Tuesday, July 18, 2006

More than a woman

Even in these dismal days of summer, when it is too hot to move and I am suffering from some sort of strange disease contracted in the USA, there comes the occasional shaft of light to brighten this dark age. This one comes from TCM at livescience. They are discussing the problem of cane toads in Australia. As recently as June I tried to provide an answer to this problem, something about getting Rolf Harris to sing until they had all killed themselves.

Attempts to eradicate the toads have been largely unsuccessful, although scientists reported last year that they had managed to lure and trap the creatures using ultraviolet lights like those used in disco clubs.”

Yes, there we have it. I wish (not for the first time) that we had some Aussie visitors here. But perhaps some of you are familiar with nightlife in Queensland. Have any of you frequented the discotheques in the area from Brisbane to Cairns?

I have never been an attendee at such institutions. From what I can gather they are so noisy and poorly lit that it is impossible to discern what your dancing partners are saying and what they look like. I suspect that many of you are thinking that that would be an ideal environment in which I could find myself a partner, but so far I have never been quite that desperate.

So, despite my lack of first hand experience, I would urge caution. It may be at the end of the evening that you find that the attractive young lady with whom you have been dancing, chatting and drinking, is slightly more amphibitorial than you had hoped.

Here are the signs you should look out for to help you make sure that your dancing partner is not an impostor:

  • Deep voice.
  • Bulging eyes.
  • Poisonous glands on back.

Now, some of you might be unkind enough to suggest that the above criteria are insufficient to distinguish them from the typical Queensland Sheila. I would never stoop to such ethnic stereotypes, (unless I could be sure that I had some Queensland readers).

Off you go now and check your marriage certificates. If your partner is named “Bufo Marinus” then you may have been deceived. Unless you are Tom. I understand that these creatures are prodigious breeders – right up your street.

41 comments:

Cherrypie said...

I believe they can also go by the name of John Prescott.

Anonymous said...

Aren't they laced with hallucinogenic slime or something? Something else right up Tom's street.

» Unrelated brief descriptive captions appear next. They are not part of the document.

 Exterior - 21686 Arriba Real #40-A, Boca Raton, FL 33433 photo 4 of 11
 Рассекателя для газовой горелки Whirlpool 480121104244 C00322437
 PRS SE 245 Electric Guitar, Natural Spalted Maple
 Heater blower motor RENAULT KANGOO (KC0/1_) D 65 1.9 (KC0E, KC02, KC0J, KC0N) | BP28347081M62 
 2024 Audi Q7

I was going to say I had a similar encounter at a school disco once but that would be unkind to Rosemary. The feeling may well have been mutual.

Anonymous said...

What the article doesn't mention is the lure of cheap drinks and all the flies they can eat. Gets 'em every time.

jromer said...

rrrrrrriiiiiibbbbbbitttt! croak! croak!.....oops. i mean. hi!

The Mistress said...

"Males are able to reproduce as both sexes because they possess a rudimentary ovary that becomes operative if their testes are removed or damaged."

Unknown said...

Hmmm....I wonder if that would work on Tommy?

Vicus Scurra said...

Sheryl, as always, your perspicacity brings us the benefits of new insights.
Pamela would what work on Tommy? Nothing has worked on him to my recollection these 35 years, with the possible exception of some dubious acid in 1971 that lead him to believe that he was Lord Hailsham for a few days. Even with the benefit of having had many years to reflect on this, I cannot decide whether this was beneficial.

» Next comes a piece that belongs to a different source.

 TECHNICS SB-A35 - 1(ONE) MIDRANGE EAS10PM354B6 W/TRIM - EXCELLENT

vadwulv - infection of the pancreas resulting from consorting with amphibians.

tom909 said...

For a few days! I sat in the Lords throughout the early 70s and was instrumental in the setting up of many important social improvement bills.

Betty said...

I would rather marry a frog than kiss the Prince Of Wales.

Vicus Scurra said...

Betty, when did he ask you?

Geoff said...

OK, but didn't I turn into something handsome?

WithinWithout said...

So THAT'S what caused my divorce.

Vicus Scurra said...

See, WW, you have been here for only five minutes, and I have solved one of the great mysteries of your life.
And what do I get in return? Another bloody blog to read. You will all be cited as co-respondents when Mrs S. finally tires of my devotion to the internet.

WithinWithout said...

Yeah, Vicus, you have solved one of my life's great mysteries in one stroke of brilliant wit.

Truth is, I've been here before but couldn't stop laughing long enough to forge a response.

Definitely put me on your list of co-respondents when the missus finally freaks.

Carmenzta said...

What disease did you pick up in Kansas City?

fwaekg - verb, to get very angry and insulted. As in "Mrs. Scurra fwaekged out."

Vicus Scurra said...

Carmentza! Was that you?

zreny - state of mind when all becomes clear.

tom909 said...

Let's drag this back to the Cane toad problem - this is something I do have first hand experience of.
When I was in the outback in the early 70s we used to stew the fuckers up to make tea. It tasted OK actually but even now, over 30 years later, I still get the flashbacks.

Anonymous said...

Aussies love to pop them with their front tires. You have to line them up on the road so that they are facing you and the air is trapped inside their bodies. If you hit them just right they EXPLODE!
...or you can just lick 'em and waste the rest of the afternoon catching flys with your tongue.

Anonymous said...

Quote: lick 'em and waste the rest of the afternoon catching flys with your tongue.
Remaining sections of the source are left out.